As the Washington Post reported, Missouri’s two senators, Claire McCaskill and Roy Blunt, would like to honor the man from Independence:
McCaskill said she wanted to give Truman the honor because no site in Washington carried the Truman name. “I hear Republicans all the time comparing themselves to Harry Truman. So I figured, with so many people wanting to grab Harry Truman’s mantle, this could turn into a great bipartisan effort,” she said.
She may have forgotten that the main building housing the State Department in Washington is named for Truman.
Actually, though the Post is right here, having the State Department building named for Truman doesn’t solve the issue. I’ve never quite been able to decide if it’s insultingly tone deaf or hilariously mischievous to name a major State Department building after a president who practically faced a silent coup from his own State Department but who ultimately got the last laugh. Either way, Truman’s immediate predecessor and his immediate successor either have or will have major national monuments on the Mall. Truman deserves the same honor.

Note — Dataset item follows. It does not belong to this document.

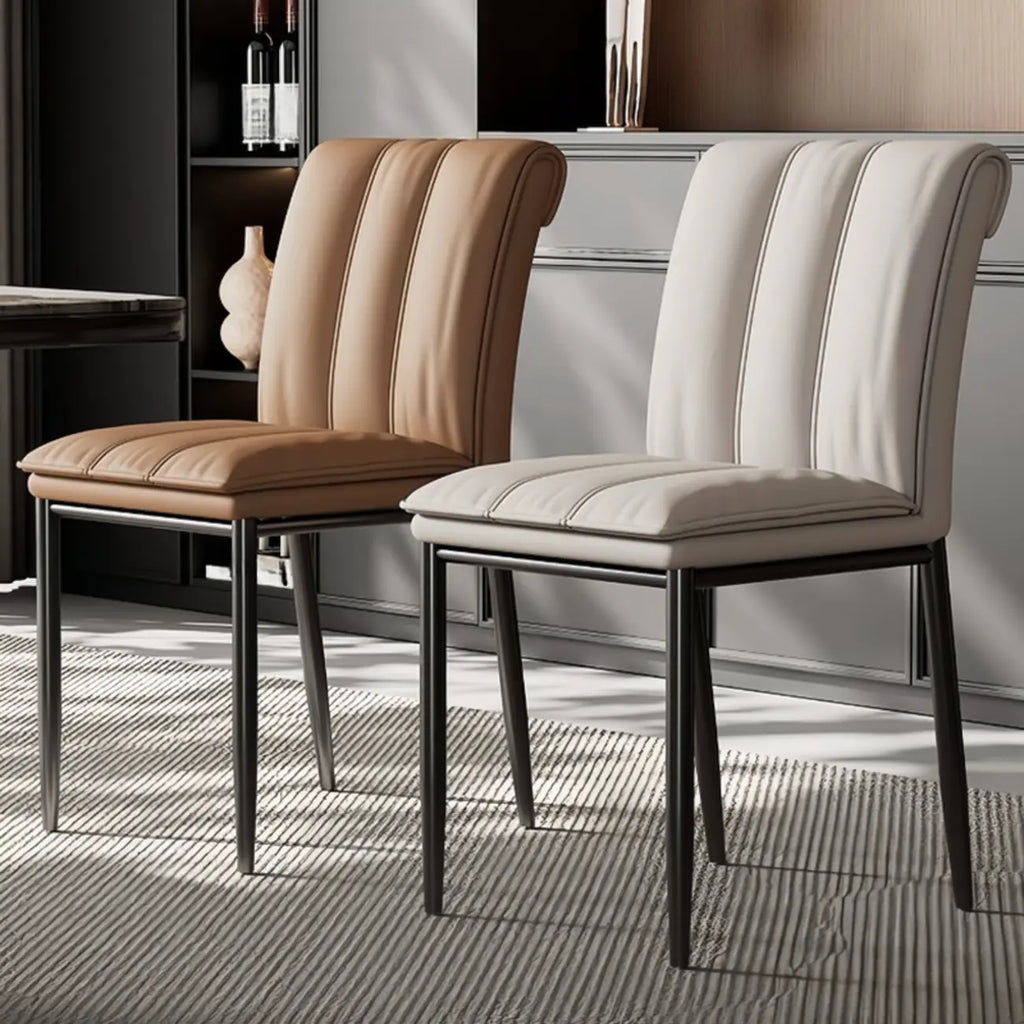 Chaises de salle à manger rembourrées à dossier bas avec capitonnage vertical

It wasn’t just what Truman did, but what he built that sets him apart. In Leslie Gelb’s book on power and strategy, he claims there were three occasions when American presidents concocted “brilliant” strategies to help win the Cold War. Truman’s foreign policy was one of those three, but is reserved for special commendation from Gelb: “The Truman team’s strategy marked the golden age of U.S. foreign policy, as glorious in our history as the founding fathers’ creation of the Constitution.”
That may sound like hyperbole–or worse, to the ears of an anti-interventionist–but the fact remains it’s not easy to talk about American foreign policy without bumping into Truman in the hallway. I wrote earlier today about the National Security Agency, for example: a creation of the Truman administration. So is NATO, a constant topic of discussion these days with the unrest in Ukraine. We are marking the fiftieth anniversary of the Civil Rights Act, but Truman arguably started the ball rolling at the federal level with the integration of the Armed Forces.
Any time we talk of economic intervention we reference the Marshall Plan, but many forget just what postwar Europe looked like when Truman came into office. A couple of recent books, including Ian Buruma’s haunting Year Zero and Keith Lowe’s Savage Continent, review the extent of the damage, the violence, the sickness, the hunger, the hate, and the rubble from which today’s peaceful European Union rose.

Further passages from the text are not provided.